Re: [PATCH] PCI: Add MCFG quirks for Tegra194 host controllers

From: Lorenzo Pieralisi
Date: Mon Jan 20 2020 - 10:18:58 EST


On Mon, Jan 20, 2020 at 12:10:42PM +0100, Thierry Reding wrote:

[...]

> > > Currently the BSP has the kernel booting through Device Tree mechanism
> > > and there is a plan to support UEFI based boot as well in the future software
> > > releases for which we need this quirky way of handling ECAM.
> > > Tegra194 is going to be the only and last chip with this issue and next chip
> > > in line in Tegra SoC series will be fully compliant with ECAM.
> >
> > ACPI on ARM64 works on a standard subset of systems, defined by the
> > ARM SBSA:
> >
> > http://infocenter.arm.com/help/topic/com.arm.doc.den0029c/Server_Base_System_Architecture_v6_0_ARM_DEN_0029C_SBSA_6_0.pdf
>
> I don't understand what you're saying here. Are you saying that you want
> to prevent vendors from upstreaming code that they need to support their
> ACPI based platforms? I understand that the lack of support for proper
> ECAM means that a platform will not be SBSA compatible, but I wasn't
> aware that lack of SBSA compatibility meant that a platform would be
> prohibited from implementing ACPI support in an upstream kernel.

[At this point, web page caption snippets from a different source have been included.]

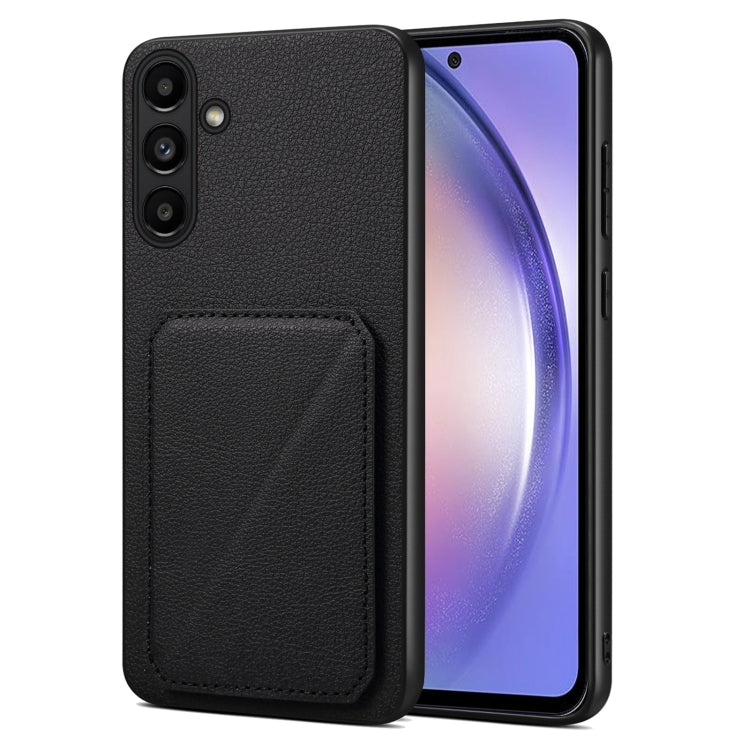 For Samsung Galaxy A54 5G Denior Imitation Calf Leather Back Phone Case with Holder(Black) - Galaxy Phone Cases by Denior | Online Shopping UK | buy2fix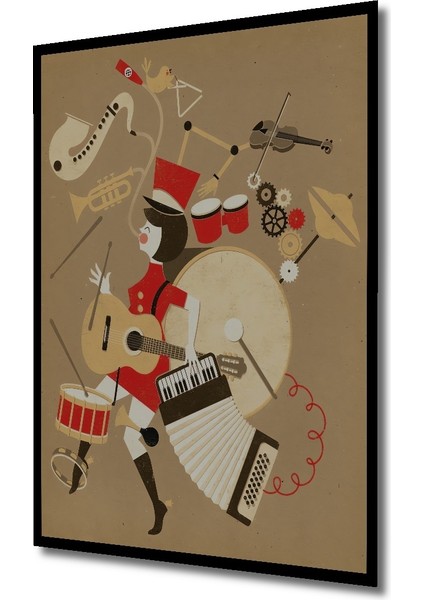Çerçeve Görünümlü Müzikal Enstrümanlar Dekoratif Ahşap Mdf Ev Duvar Tablo Dikdörtgen Ev Duvar Tablo fiyatları
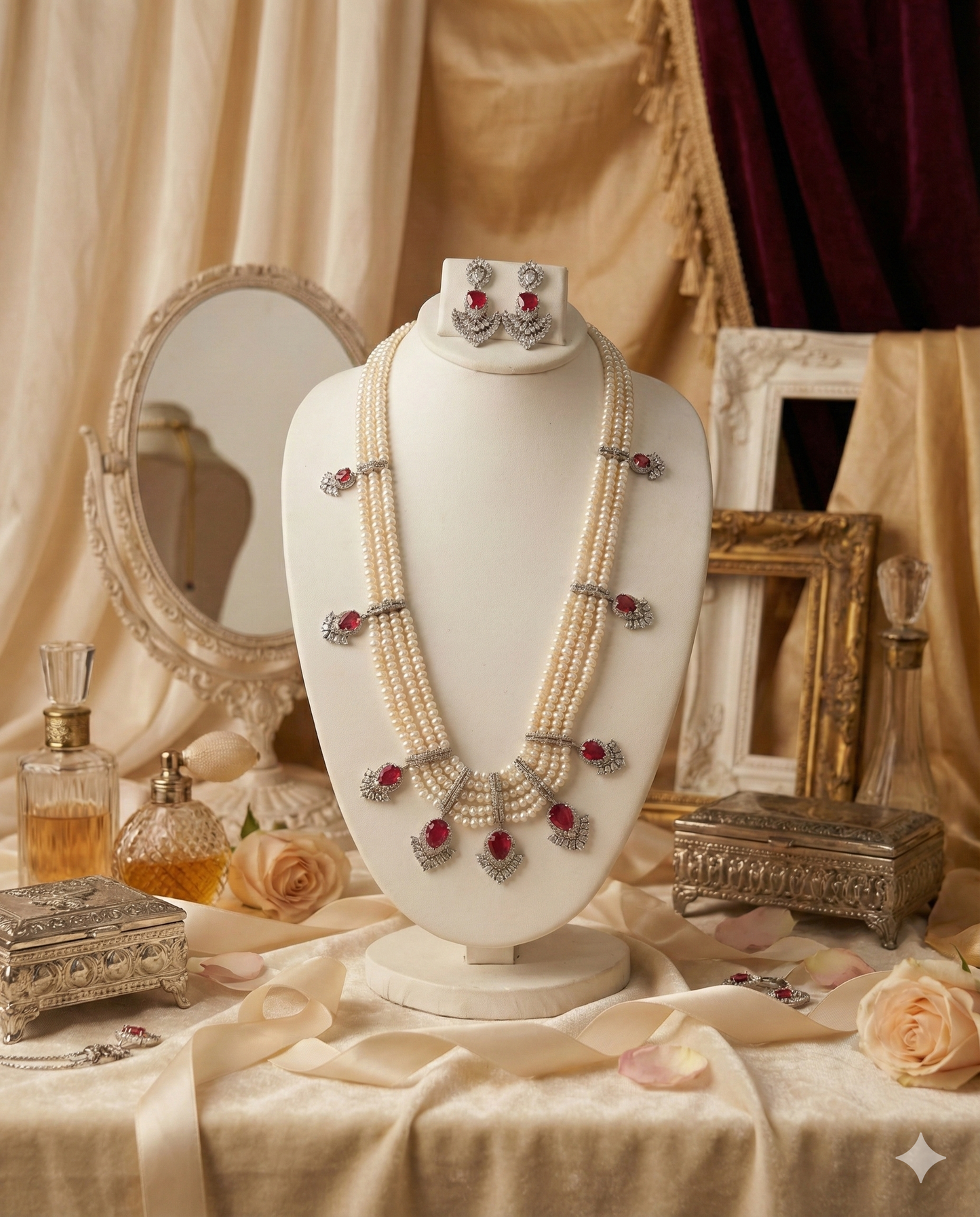 Royal Pearl Ruby Statement Necklace Set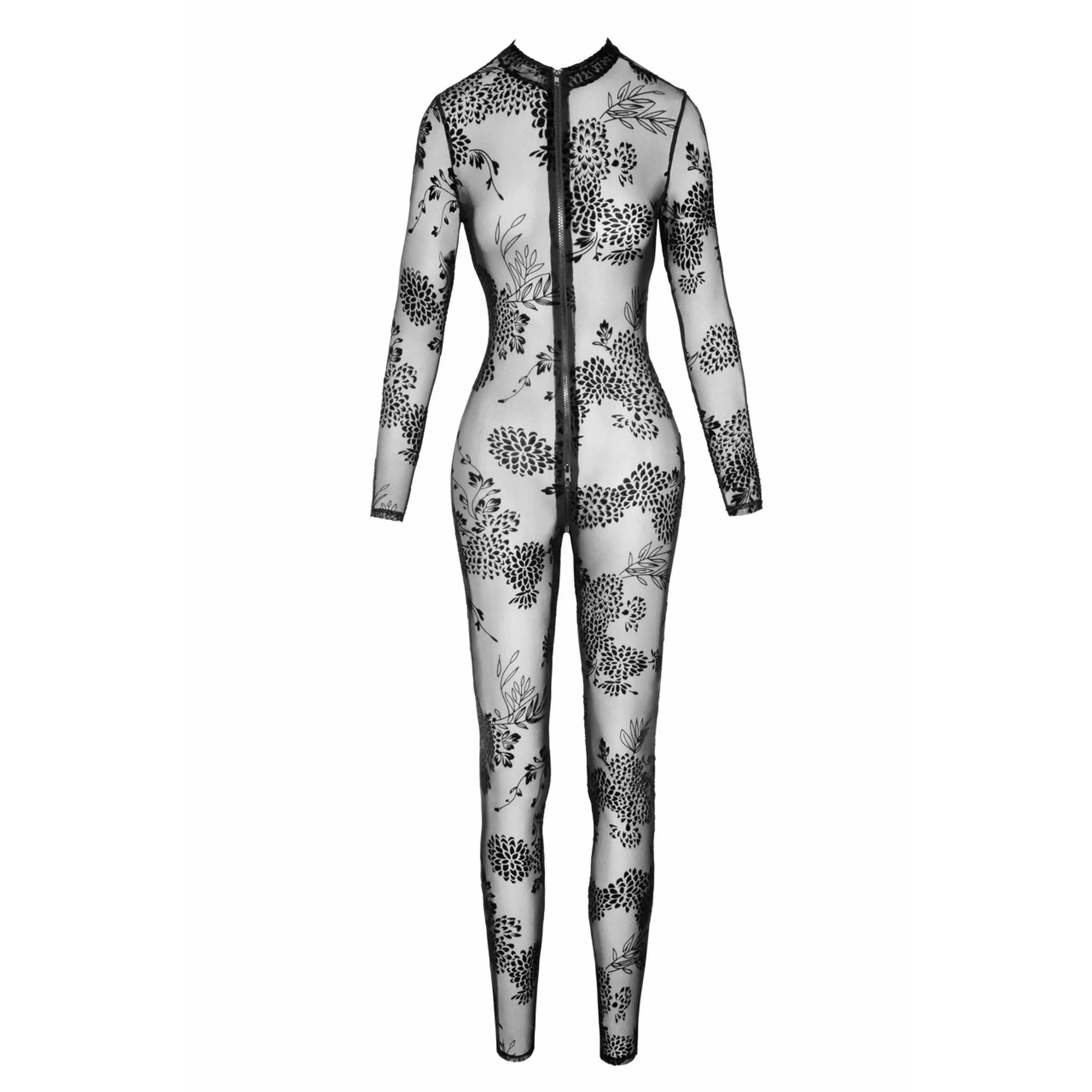 Combinaison noire en tulle transparent, broderies floquées, fermeture éclair trois voies, ajustement silhouette élégante.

ACPI on ARM64 requires a set of HW components described in the SBSA.

If those HW requirements are not fulfilled you can't bootstrap an ARM64
system with ACPI - it is as simple as that. It is not even appropriate
to discuss this on a Linux mailing list anymore since it is HW
requirements and it has been public information since ACPI on ARM64 was
first enabled.

> > These patches will have to be carried out of tree, the MCFG quirk
> > mechanism (merged as Bjorn said more than three years ago) was supposed
> > to be a temporary plaster to bootstrap server platforms with teething
> > issues, the aim is to remove it eventually not to add more code to it
> > indefinitely.
>
> Now, I fully agree that quirks are suboptimal and we'd all prefer if we
> didn't have to deal with them. Unfortunately the reality is that
> mistakes happen and hardware doesn't always work the way we want it to.
> There's plenty of other quirk mechanisms in the kernel, and frankly this
> one isn't really that bad in comparison.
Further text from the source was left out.